Some natural productions require such a singularity of soil and situation that all the land in a great country, which is fit for producing them, may not be sufficient to supply the effectual demand. The whole quantity brought to market, therefore, may be disposed of to those who are willing to give more than what is sufficient to pay the rent of the land which produced them, together with the wages of the labour, and the profits of the stock which were employed in preparing and bringing them to market, according to their natural rates. Such commodities may continue for whole centuries together to be sold at this high price; and that part of it which resolves itself into the rent of land is in this case the part which is generally paid above its natural rate. The rent of the land which affords such singular and esteemed productions, like the rent of some vineyards in France of a peculiarly happy soil and situation, bears no regular proportion to the rent of other equally fertile and equally well-cultivated land in its neighbourhood. The wages of the labour and the profits of the stock employed in bringing such commodities to market, on the contrary, are seldom out of their natural proportion to those of the other employments of labour and stock in their neighbourhood.
Such enhancements of the market price are evidently the effect of natural causes which may hinder the effectual demand from ever being fully supplied, and which may continue, therefore, to operate for ever.
A monopoly granted either to an individual or to a trading company has the same effect as a secret in trade or manufactures. The monopolists, by keeping the market constantly understocked, by never fully supplying the effectual demand, sell their commodities much above the natural price, and raise their emoluments, whether they consist in wages or profit, greatly above their natural rate.
The price of monopoly is upon every occasion the highest which can be got. The natural price, or the price of free competition, on the contrary, is the lowest which can be taken, not upon every occasion, indeed, but for any considerable time together. The one is upon every occasion the highest which can be squeezed out of the buyers, or which, it is supposed, they will consent to give: the other is the lowest which the sellers can commonly afford to take, and at the same time continue their business.
The exclusive privileges of corporations, statutes of apprenticeship, and all those laws which restrain, in particular employments, the competition to a smaller number than might otherwise go into them, have the same tendency, though in a less degree. They are a sort of enlarged monopolies, and may frequently, for ages together, and in whole classes of employments, keep up the market price of particular commodities above the natural price, and maintain both the wages of the labour and the profits of the stock employed about them somewhat above their natural rate.
Such enhancements of the market price may last as long as the regulations of police which give occasion to them.
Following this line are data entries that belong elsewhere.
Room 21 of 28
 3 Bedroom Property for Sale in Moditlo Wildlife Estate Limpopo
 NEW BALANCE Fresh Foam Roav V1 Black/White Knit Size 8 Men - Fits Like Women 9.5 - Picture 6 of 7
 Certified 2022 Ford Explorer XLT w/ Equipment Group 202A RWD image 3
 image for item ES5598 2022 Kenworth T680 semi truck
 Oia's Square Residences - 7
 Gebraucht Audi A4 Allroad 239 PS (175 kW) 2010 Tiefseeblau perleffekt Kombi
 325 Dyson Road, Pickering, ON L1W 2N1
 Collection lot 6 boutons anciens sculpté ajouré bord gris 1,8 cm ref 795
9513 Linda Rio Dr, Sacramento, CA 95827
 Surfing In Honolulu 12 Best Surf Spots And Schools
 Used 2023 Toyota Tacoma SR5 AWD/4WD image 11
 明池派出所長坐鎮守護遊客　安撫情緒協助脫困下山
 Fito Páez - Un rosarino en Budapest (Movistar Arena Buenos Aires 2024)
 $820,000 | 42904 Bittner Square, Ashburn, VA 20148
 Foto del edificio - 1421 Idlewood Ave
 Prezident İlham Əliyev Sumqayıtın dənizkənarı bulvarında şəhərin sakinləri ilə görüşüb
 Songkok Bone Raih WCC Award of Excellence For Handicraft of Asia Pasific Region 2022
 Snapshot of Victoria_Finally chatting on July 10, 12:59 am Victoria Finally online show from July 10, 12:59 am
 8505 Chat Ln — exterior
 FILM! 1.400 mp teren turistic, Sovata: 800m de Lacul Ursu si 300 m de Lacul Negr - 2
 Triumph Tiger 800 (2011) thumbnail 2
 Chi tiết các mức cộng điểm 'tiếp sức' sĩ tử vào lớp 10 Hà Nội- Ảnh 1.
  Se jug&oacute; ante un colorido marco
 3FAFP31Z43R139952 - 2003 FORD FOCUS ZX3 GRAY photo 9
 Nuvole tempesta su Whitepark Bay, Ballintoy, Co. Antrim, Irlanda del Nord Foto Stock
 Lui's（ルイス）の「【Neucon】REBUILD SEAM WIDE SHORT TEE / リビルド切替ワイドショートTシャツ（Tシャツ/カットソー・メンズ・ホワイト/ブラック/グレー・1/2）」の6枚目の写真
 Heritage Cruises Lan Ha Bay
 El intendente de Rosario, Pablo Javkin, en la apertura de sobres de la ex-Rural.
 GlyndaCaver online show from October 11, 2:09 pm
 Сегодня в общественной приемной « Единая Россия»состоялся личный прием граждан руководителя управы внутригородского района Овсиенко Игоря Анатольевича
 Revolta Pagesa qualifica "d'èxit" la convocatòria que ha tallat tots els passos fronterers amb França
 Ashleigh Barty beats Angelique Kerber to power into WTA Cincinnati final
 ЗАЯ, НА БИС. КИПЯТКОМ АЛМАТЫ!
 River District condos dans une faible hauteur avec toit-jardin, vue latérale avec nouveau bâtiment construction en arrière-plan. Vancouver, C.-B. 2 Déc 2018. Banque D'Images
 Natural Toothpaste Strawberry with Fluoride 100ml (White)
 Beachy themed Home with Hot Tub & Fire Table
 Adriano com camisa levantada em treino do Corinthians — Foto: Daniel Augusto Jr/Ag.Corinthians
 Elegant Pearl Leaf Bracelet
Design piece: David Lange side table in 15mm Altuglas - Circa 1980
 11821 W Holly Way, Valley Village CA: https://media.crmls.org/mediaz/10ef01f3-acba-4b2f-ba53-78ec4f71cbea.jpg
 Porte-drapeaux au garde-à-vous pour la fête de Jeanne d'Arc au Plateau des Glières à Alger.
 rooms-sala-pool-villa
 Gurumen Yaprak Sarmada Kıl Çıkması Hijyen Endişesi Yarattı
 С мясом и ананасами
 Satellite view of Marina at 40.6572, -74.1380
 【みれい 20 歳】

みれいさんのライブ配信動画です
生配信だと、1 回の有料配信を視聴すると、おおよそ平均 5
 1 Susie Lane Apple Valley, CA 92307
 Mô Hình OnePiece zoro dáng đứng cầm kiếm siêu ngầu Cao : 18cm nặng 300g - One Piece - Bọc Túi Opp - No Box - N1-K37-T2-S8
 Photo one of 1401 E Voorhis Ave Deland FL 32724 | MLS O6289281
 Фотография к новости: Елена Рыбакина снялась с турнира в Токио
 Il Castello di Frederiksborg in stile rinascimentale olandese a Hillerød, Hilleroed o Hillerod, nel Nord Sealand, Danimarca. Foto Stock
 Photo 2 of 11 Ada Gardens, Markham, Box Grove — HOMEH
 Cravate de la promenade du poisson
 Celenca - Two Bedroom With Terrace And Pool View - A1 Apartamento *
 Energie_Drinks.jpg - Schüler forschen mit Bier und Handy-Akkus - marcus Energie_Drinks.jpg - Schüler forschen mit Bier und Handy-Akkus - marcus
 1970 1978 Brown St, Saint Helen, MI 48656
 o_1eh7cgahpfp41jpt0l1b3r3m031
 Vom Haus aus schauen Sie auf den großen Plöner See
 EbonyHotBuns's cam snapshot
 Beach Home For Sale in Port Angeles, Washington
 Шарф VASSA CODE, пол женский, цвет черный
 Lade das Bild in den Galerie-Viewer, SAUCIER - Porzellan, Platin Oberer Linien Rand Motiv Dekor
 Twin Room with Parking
The market price of any particular commodity, though it may continue long above, can seldom continue long below its natural price. Whatever part of it was paid below the natural rate, the persons whose interest it affected would immediately feel the loss, and would immediately withdraw either so much land, or so much labour, or so much stock, from being employed about it, that the quantity brought to market would soon be no more than sufficient to supply the effectual demand. Its market price, therefore, would soon rise to the natural price. This at least would be the case where there was perfect liberty.